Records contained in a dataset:
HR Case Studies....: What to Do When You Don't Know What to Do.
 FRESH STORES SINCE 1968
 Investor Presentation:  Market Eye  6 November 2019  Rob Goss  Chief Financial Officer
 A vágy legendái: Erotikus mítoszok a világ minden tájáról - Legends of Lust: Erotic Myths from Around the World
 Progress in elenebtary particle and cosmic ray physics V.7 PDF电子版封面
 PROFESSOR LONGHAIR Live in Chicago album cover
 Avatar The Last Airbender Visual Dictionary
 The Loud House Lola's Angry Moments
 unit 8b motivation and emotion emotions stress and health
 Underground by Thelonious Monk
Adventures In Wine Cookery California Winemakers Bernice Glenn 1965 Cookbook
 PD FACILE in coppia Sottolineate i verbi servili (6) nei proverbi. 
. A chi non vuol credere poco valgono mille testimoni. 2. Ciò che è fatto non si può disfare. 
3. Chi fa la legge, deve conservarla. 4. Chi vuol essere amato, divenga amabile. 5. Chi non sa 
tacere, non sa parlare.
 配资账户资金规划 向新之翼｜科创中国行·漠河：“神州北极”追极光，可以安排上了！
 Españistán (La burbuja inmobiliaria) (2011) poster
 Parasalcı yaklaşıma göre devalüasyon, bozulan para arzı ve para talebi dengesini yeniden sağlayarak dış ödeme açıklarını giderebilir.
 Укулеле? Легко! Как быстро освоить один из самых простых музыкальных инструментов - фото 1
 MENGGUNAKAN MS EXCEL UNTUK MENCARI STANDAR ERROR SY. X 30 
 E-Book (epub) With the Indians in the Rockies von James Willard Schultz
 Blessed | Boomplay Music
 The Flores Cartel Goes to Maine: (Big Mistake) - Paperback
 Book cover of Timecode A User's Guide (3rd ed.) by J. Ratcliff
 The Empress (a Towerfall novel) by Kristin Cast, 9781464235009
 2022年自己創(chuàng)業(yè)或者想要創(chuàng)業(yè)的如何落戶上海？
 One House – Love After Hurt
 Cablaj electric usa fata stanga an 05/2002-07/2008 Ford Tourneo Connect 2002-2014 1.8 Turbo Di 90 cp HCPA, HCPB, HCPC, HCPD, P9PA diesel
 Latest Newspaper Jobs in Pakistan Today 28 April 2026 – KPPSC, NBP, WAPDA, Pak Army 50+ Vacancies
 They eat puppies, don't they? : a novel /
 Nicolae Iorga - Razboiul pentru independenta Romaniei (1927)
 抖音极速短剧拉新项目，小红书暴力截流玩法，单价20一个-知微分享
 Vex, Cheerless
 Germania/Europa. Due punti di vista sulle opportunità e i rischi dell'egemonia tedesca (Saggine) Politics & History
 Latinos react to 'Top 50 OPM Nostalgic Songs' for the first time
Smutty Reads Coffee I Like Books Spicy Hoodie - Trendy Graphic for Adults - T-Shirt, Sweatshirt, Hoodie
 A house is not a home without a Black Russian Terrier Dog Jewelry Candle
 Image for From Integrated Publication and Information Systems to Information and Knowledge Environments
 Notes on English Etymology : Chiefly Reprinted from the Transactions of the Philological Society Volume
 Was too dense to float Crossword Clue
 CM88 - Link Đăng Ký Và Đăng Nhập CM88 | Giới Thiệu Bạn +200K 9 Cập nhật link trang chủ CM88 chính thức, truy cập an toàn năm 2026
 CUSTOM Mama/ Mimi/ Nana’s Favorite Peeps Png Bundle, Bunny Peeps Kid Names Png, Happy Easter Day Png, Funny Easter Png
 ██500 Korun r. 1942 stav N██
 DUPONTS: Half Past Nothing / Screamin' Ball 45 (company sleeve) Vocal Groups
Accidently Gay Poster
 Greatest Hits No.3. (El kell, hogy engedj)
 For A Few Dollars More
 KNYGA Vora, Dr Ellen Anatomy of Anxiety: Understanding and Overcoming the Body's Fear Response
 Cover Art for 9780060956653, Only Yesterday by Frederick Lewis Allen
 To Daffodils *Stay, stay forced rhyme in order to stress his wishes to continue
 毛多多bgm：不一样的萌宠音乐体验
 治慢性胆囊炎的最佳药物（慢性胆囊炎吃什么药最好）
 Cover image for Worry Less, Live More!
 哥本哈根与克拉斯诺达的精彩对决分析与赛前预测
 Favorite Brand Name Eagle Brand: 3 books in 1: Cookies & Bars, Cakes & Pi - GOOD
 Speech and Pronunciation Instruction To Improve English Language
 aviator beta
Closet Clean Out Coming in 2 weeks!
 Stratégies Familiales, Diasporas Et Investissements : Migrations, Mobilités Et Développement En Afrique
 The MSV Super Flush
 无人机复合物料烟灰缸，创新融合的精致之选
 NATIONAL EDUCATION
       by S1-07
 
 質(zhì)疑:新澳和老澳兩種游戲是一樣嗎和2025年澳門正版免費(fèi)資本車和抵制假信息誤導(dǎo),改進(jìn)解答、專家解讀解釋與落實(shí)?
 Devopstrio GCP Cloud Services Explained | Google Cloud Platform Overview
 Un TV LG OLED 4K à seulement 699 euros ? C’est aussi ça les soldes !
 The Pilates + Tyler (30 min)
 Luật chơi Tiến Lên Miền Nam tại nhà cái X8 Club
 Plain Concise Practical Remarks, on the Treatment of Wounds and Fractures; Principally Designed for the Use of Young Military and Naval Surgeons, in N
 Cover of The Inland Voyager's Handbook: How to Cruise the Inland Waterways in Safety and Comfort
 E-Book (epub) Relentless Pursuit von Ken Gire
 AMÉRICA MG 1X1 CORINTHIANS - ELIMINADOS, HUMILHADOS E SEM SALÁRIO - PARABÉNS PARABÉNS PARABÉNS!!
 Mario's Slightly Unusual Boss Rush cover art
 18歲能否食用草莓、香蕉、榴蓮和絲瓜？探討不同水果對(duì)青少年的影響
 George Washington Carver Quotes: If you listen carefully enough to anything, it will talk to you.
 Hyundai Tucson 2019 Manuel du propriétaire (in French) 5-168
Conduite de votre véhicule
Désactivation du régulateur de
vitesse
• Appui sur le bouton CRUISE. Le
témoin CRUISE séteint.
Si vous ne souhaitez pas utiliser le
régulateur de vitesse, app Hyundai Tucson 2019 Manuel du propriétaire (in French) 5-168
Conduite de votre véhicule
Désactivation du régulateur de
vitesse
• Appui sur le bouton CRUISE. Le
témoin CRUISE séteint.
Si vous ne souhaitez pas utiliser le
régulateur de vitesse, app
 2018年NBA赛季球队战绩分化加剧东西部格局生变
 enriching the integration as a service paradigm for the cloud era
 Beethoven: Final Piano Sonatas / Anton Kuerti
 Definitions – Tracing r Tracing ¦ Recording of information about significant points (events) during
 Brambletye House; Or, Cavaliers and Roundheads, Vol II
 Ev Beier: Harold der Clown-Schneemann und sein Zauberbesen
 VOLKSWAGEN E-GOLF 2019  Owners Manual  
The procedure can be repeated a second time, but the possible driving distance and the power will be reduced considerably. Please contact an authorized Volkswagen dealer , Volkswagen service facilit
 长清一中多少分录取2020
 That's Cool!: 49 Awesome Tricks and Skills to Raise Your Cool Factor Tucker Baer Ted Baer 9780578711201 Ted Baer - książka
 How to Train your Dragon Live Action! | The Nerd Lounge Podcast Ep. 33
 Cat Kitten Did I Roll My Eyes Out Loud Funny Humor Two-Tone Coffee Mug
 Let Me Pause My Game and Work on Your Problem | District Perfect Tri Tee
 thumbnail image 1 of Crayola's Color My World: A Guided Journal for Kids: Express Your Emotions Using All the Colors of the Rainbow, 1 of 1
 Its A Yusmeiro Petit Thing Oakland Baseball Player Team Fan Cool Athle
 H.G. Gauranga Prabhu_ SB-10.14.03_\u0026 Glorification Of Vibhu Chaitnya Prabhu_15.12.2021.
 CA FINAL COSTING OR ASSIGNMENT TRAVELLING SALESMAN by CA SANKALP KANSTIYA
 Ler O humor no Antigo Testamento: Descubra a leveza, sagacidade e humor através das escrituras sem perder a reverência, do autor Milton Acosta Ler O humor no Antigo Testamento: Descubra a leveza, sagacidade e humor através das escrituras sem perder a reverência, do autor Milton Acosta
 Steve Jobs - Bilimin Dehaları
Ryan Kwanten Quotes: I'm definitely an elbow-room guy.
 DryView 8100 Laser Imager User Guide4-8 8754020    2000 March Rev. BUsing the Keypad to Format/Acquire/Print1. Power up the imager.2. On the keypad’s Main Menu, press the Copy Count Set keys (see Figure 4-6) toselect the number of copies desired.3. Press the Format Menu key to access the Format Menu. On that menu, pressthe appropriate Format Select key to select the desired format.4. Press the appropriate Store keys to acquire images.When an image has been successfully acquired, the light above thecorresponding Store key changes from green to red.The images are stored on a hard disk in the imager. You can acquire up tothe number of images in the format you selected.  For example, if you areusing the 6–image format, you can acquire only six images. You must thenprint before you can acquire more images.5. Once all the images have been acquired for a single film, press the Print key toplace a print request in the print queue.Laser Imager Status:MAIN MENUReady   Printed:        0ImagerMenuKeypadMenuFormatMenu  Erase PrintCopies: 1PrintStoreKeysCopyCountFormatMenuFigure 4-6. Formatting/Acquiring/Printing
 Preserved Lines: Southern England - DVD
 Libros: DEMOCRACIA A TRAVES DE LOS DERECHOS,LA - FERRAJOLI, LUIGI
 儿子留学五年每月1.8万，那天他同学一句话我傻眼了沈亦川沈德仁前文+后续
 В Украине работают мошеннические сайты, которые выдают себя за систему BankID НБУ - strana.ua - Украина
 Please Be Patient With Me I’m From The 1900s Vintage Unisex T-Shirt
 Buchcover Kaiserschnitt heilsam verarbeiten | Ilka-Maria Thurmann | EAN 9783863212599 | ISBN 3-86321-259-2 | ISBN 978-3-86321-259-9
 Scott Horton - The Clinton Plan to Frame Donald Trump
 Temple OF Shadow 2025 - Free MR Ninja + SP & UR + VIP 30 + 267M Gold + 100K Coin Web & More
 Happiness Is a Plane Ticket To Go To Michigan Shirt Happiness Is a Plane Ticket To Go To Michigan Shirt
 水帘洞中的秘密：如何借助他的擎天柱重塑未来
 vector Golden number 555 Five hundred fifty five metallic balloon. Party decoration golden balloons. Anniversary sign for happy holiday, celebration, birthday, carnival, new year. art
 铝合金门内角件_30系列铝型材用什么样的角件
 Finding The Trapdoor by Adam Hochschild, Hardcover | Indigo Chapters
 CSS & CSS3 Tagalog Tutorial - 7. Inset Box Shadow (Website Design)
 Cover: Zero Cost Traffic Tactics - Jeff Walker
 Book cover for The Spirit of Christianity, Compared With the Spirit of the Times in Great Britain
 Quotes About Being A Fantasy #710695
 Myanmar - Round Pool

DIRECTIONS FOR THIS TASK: Scanning the data above, count the lines in which the string "Shirt" occurs and state only the count.

RESULT BELOW: 3